13.1 The Company shall make good by reimbursement of the whole
or part of the price (and, where relevant, as a deduction from
any part of the price remaining unpaid) or at its option by
repair or by replacement any defect developing under normal use
in the Goods and due solely to faulty design (except where the
design is supplied by or on behalf of the Buyer), faulty
materials or faulty workmanship provided that’s:-
13.1.1 the Buyer shall be responsible for ensuring that Goods
are fit for the purpose for which it wishes to use then and the
company gives no warranty (and none shall be implied) that the
goods are fit for any particular purpose; and
13.1.2 the defect in question shall have appeared within 12
months (or such longer time period (if any) as it may provided
for in any guarantee given by or on behalf of the manufacturer
of the Goods) after the Buyer shall have taken possession of the
Goods or performance of Services has been completed and shall
have been thereupon promptly notified in writing to the Company;
and
13.1.3 any Goods alleged to be defective shall be stored in a
safe place by the Buyer until such time as the Company
authorises their disposal in writing; and
13.1.4 any Goods alleged to be defective shall, if so required
by the Company, be promptly returned at the Buyer’s risk and
expense to the Company’s works for inspection, and the company
shall in its reasonable opinion consider them to be defective
solely by reason of faulty design materials or workmanship; and
13.1.5 no attempt shall be made by the Buyer and any third party
to remedy any defect before, if so required by the Company, the
Goods in question shall have been returned to the Company for
inspection; and
13.1.6 the Goods in question shall have been serviced and
maintained properly and in accordance with the Company’s
recommendations and shall not have been fitted with any parts,
components or accessories other than those manufactured or
recommended by the Company.
13.2 Apart from reimbursement repair or replacement by the
Company, its employees and agents shall be under no liability to
the Buyer or to any third party for any injury, loss or damage
of any kind whatsoever, however and wheresoever arising or
arisen, and whether direct or indirect, including without
limitation any injury, loss or damage arising out of or
incidental to:-
13.2.1 any negligence of the Company or any of its employees or
agents (except insofar as such negligence may result in death or
personal injury); or
13.2.2 the Company’s performance of or failure to perform or
breach of any of its obligations, whether express or implied
under
The Contract or otherwise; or
13.2.3 the supply, installation, repair or maintenance of any of
the goods; or
13.2.4 any defect in any of the Goods; or
13.2.5 any advice given or representation made by the Company or
on its behalf; or
13.2.6 any performance of any Services
13.3 Save as set out in clause 13.1 the liability of the company
arising from all and any claims relating to any single Contract
shall be Limited to a maximum sum of £200 in total or such
amount (less the costs of recovery incurred by the Company) as
the Company receives from the manufacturer of the Goods giving
to the rise to the claim from the Buyer.
13.4 The Company shall not be liable for any claim relating to
any breach of warranty, express or implied, brought after the
expiry of the period of twelve months from the date on which the
Contract was made (or in case of Goods, after the expiry of such
longer period (if any) as may be provided for by or on behalf of
the manufacturer of these Goods).
13.5 The Company shall in no circumstances be liable to the
Buyer for any economic loss, loss of profit, loss of business or
like loss.
13.6 The terms of this condition, warranties, representatives,
statements, liabilities and other terms whatsoever Implied by
common law, statute or otherwise, all of which shall accordingly
be excluded to the extent allowed by law, and the Company shall
in relation to the Goods and Services have no obligation to the
Buyer, either arising by statute or in tort or in Contract and
whether arising out of negligence of the Company or any of its
employees or agents (and whether under the Contract or under any
other Contract), other than the express obligations in these
conditions or in any other document expressly incorporated in
writing into the Contract.
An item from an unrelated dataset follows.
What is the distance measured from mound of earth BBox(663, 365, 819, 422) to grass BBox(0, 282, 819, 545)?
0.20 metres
Accordingly, it shall be for the
Buyer to ensure against liability arising from the performance
of the Services and from its use of the Goods.
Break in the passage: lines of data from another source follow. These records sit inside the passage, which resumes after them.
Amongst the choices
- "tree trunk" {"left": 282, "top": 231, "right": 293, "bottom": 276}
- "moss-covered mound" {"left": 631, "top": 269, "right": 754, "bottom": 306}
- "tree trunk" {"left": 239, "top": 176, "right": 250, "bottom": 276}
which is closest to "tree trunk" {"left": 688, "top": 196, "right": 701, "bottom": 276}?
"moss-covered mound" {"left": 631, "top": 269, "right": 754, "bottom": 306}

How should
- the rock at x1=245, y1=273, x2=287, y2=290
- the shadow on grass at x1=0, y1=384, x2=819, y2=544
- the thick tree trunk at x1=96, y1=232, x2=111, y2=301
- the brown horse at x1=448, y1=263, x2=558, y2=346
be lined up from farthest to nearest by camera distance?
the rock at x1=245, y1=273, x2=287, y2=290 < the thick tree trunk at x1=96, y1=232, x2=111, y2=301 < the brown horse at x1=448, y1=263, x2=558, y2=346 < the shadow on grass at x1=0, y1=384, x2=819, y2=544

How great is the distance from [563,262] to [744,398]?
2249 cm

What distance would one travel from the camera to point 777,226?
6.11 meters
13.7 The Company shall use its reasonable endeavours to transfer
to the Buyer the benefit of any guarantee in respect of the
Goods available from the manufacturer provided that the Company
may in its discretion, elect to do so only at the cost of the
Buyer.
13.8 Notwithstanding anything to the contrary herein contained
the Company’s liability for:-
13.8.1 death or personal injury resulting from the negligence of
the Company, its employees or agents;
13.8.2 damage suffered by the Buyer as a result of a breach by
the Company of the condition as to the title or the warranty as
to Quiet possession implied by section 12 of the Sale of Goods
Act 1979 or section 2 of the Supply of Goods and Services Act
1982; and
13.8.3 damage for which the Company is liable to the Buyer under
Part 1 of the Consumer Protection Act 1987; shall not be limited
save that nothing in this clause 13 shall confer a right or
remedy upon the Buyer to which Buyer would not otherwise be
entitled.
13.9 The provisions of this clause 13 shall survive any
termination of the Contract.
13.10 The exclusions from and limitations of liability set out
in this clause 13 shall be considered severably. The validity or
unenforceability of any one clause, sub-clause, paragraph or
sub-paragraph of this clause 13 shall not affect the validity or
enforceability of any other part of this clause 13.
14. INDEMNITY
14.1 If any process is to be applied to the Goods or the
Services by the Company in accordance with a specification or
direction (as the case may be) submitted by the Buyer, the Buyer
shall indemnify and hold harmless the Company from and against
all loss, damages, costs and expenses awarded against or
incurred by the Company in connection with or paid or agreed to
be paid by the Company in settlement of any claim for
infringement or alleged infringement of any intellectual
property rights of any other person which results from the
Company’s use of the Buyer’s specification or from the Company
complying with the Buyer’s direction as the case may be.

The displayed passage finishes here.